The US Department of Labor’s final ERISA regulation generally follows its proposal but without the focus on environmental, social, and governance investing.
Over the summer, the US Department of Labor (DOL) proposed three ERISA regulations and one prohibited transaction class exemption, in addition to issuing an interim final regulation. The earliest of those, a regulation titled Financial Factors in Selecting Plan Investments, has now been finalized.
The proposed regulation would have more directly called into question so-called “ESG investing”—investing that takes into account environmental, social and (corporate) governance (ESG) considerations―on the basis that such factors may be “non-pecuniary” in nature, and as such, not appropriate investment considerations for ERISA fiduciaries. In part for this reason, the proposal generated more than 8,700 comments (although the DOL pointed out that 7,600 were based on six form letters). While the final rule retains the concept that a fiduciary’s evaluation of investments must, except as otherwise provided in the rule, be based only on pecuniary factors, it eliminates any specific mention of ESG factors so as to avoid any presumption of whether a factor labeled as ESG is necessarily non-pecuniary.
The rule is effective January 12, 2021―60 days after its publication in the Federal Register―subject to a later effective date of April 30, 2022, for its application to so-called “qualified default investment alternatives” (QDIAs) in participant-directed defined contribution plans.

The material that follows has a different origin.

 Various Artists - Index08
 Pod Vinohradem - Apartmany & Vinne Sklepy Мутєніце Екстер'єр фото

In light of these changes and the upcoming effective date, ERISA plan fiduciaries and fund managers will want to review their current practices to determine whether any changes may be appropriate.

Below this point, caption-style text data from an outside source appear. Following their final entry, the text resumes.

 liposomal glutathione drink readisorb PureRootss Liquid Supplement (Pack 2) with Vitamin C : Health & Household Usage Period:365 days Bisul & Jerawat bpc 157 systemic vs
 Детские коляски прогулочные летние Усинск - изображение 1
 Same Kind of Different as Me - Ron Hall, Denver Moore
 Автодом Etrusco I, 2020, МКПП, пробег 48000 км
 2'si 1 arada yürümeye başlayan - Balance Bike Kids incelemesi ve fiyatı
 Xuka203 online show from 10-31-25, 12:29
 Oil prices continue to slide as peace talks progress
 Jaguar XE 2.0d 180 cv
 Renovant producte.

The rule amends ERISA’s prudence regulation, which applies the fiduciary duty of prudence to plan investment decisions. In the nature of a safe harbor, it establishes the concept that the fiduciary duty of prudence can be met by following a process that gives appropriate consideration to the facts and circumstances relevant to the particular investment or investment course of action.
The amended regulation retains the original prudence rule with only a few changes, the primary substantive change being the following:
Apart from that change, the primary focus of the current rulemaking is the ERISA duty of loyalty. The final rule is intended to interpret that duty of loyalty with respect to fiduciary investment decisions, focusing on a fiduciary’s ability to consider non-pecuniary factors.
The application of the duty of loyalty to so-called “economically targeted investments” and ESG investing had been addressed in a series of sub-regulatory guidance, most recently in 2015 and further interpreted in 2018, as discussed in our prior LawFlash.
The final rule is intended to clarify and codify these prior interpretations and more general standards for how the ERISA duty of loyalty applies to plan investments, in the form of a regulation that has been subject to a notice-and-comment rulemaking process. The DOL noted that while the prudence part of the regulation is in the nature of a “safe harbor,” the duty of loyalty sections impose a “legal requirement” or “minimum requirements,” not a safe harbor.
As finalized by the DOL, the new rule provides that in order to meet the ERISA duty of loyalty, a plan fiduciary’s evaluation of an investment or investment course of action must be based only on “pecuniary” factors, subject to two limited exceptions, discussed below.
There are several important terms in the “pecuniary factor” definition:
In addition, the rule clarifies that in considering any “pecuniary factor,” the weight given to such pecuniary factor should “appropriately reflect a prudent assessment of its impact on risk-return.” This is intended to prevent fiduciaries from circumventing the rule by giving undue weight to what should be relatively minor considerations.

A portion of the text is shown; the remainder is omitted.